First - nice writeup which goes into a lot of nooks and crannies.
That said, a lot of the user-space "voodoo" is gone if you don't go through CUDA's "runtime API". If you use the driver API, take your kernel source as a string and compile it with NVIDIA's run-time compiler, you'll have better visibility into a lot (not all) of what's going on. For the "raw" version of this, look at:
https://github.com/NVIDIA/cuda-samples/tree/master/cpp/0_Int...
but for a much more readable, and still fully transparent modern-C++ API version of the same, try this:
https://github.com/eyalroz/cuda-api-wrappers/blob/master/exa...
that's a sample program for my CUDA API wrappers (header-only) library.

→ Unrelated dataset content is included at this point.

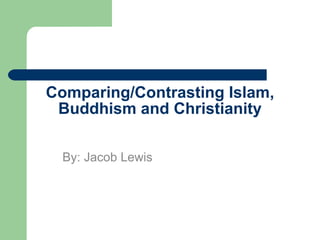 Comparing/Contrasting Islam, Buddhism and Christianity By: Jacob Lewis 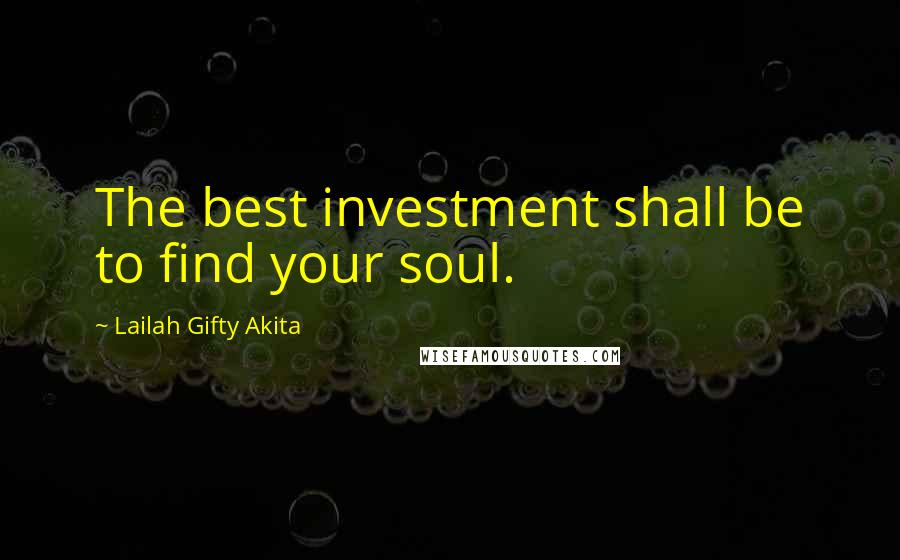 Lailah Gifty Akita Quotes: The best investment shall be to find your soul.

I like the driver API because it allows treating Cuda kernels like hot-reloadable shaders. It's fun to develop while being able to change the code at runtime.
> I like the driver API because it allows treating Cuda kernels like hot-reloadable shaders.
It is also much more friendly for library authors; and easier to wrap; and actually exposes a bunch of features the "runtime API" doesn't.
The difficulty with it is that there just so many API calls; dozens of calls just for copying, for example. That was part of my motivation for writing my wrappers - making the supposedly "lower-level" API more accessible and intuitive than the supposedly "higher-level" API; and better integrated with the other libraries: NVTX, NVRTC, PTX compiler, fatbin library etc.
> It's fun to develop while being able to change the code at runtime.
It's also _the_ way to debug your kernels: If you don't load them dynamically, you have to recompile your application or kernel test harness every time you make a change to the kernel.